Leaders are Paid to Make Hard Decisions

Henry Kissinger said, “To plan policy on the assumption of the equal possibility of all contingencies is to confuse statesmanship with mathematics.”

Let’s change three words to make this a brilliant statement regarding business strategy. “To craft strategy on the assumption of the equal possibility of all contingencies is to confuse leadership with mathematics.”

Opting not to do the hard work to choose a business strategy (and if you cannot tell me exactly what yours is, you’ve elected not to choose) is deciding that the possibility of being wrong has more dire circumstances than not making a decision. This implies a misunderstanding not only of mathematics but also of leadership.

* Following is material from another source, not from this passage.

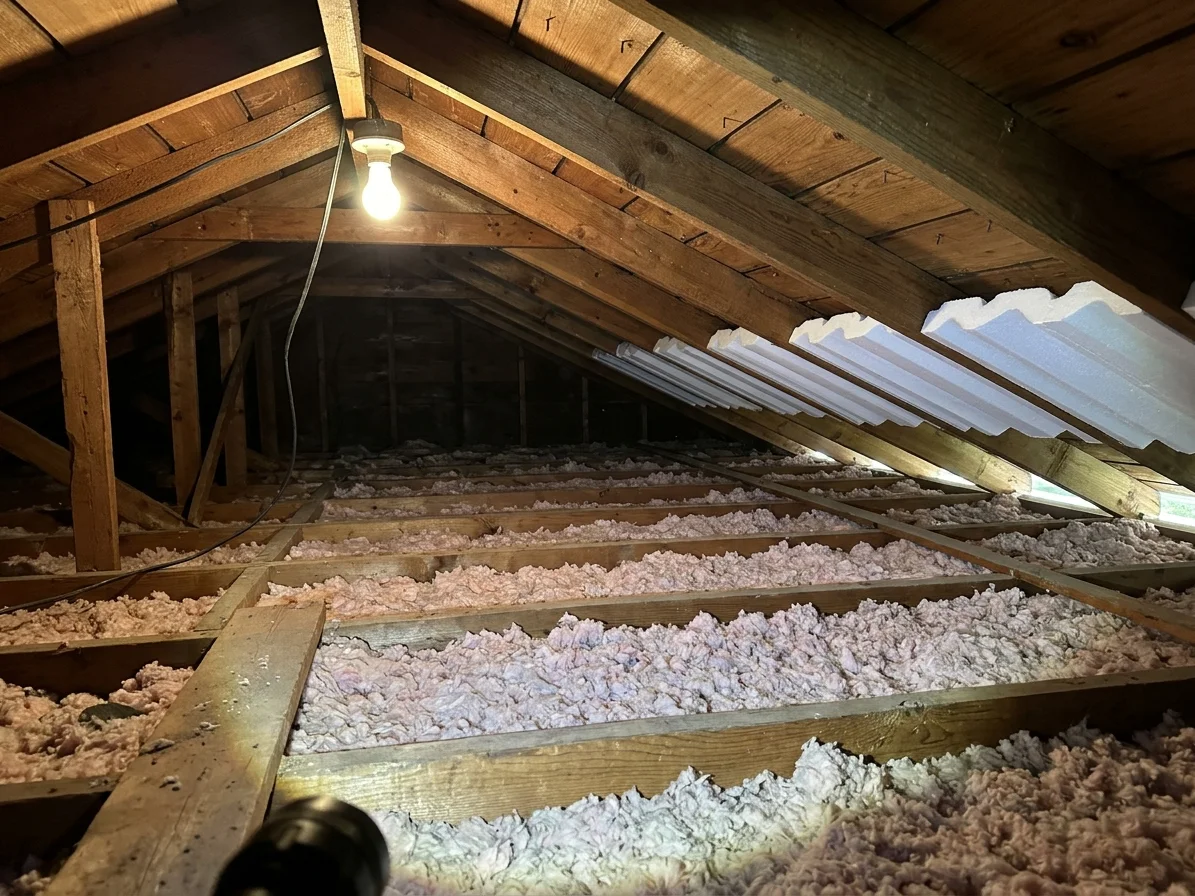 Attic of a Minnesota rambler with blown-in insulation between the joists and vent baffles at the eaves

Leaders are paid to deal with ambiguity and make decisions with far less than perfect knowledge.

From my experience, there are five primary reasons that CEOs (who must be the driver in crafting strategy) avoid creating a clearly articulated strategy:

1.    They don’t know what it is (they literally cannot define “strategy”) or what one looks like.
2.    They don’t have a process by which to do it.
3.    They spend almost their entire career “managing” strategy (whether assumed or clearly articulated) and aren’t comfortable developing it.
4.    They mistakenly buy in to the “one big brain” theory (think Steve Jobs) and believe that they should be smart enough to come up with it on their own.
5.    It’s hard work (skill versus will).

At its base level, the process of thinking strategically (which is much different from planning!) involves three steps: painting a picture of the future environment, clearly identifying current reality and then connecting the dots. Sounds simple, but it’s not easy. It requires hard work, making decisions without perfect knowledge, a collaborative mindset and the skill to execute that strategy once identified.

Leadership requires minimizing risk and planning, but it also entails confidence and making tough decisions. Presiding is not the same as leading.

Leadership cannot be disassembled into mathematics. If it could, there’d already be an app for that.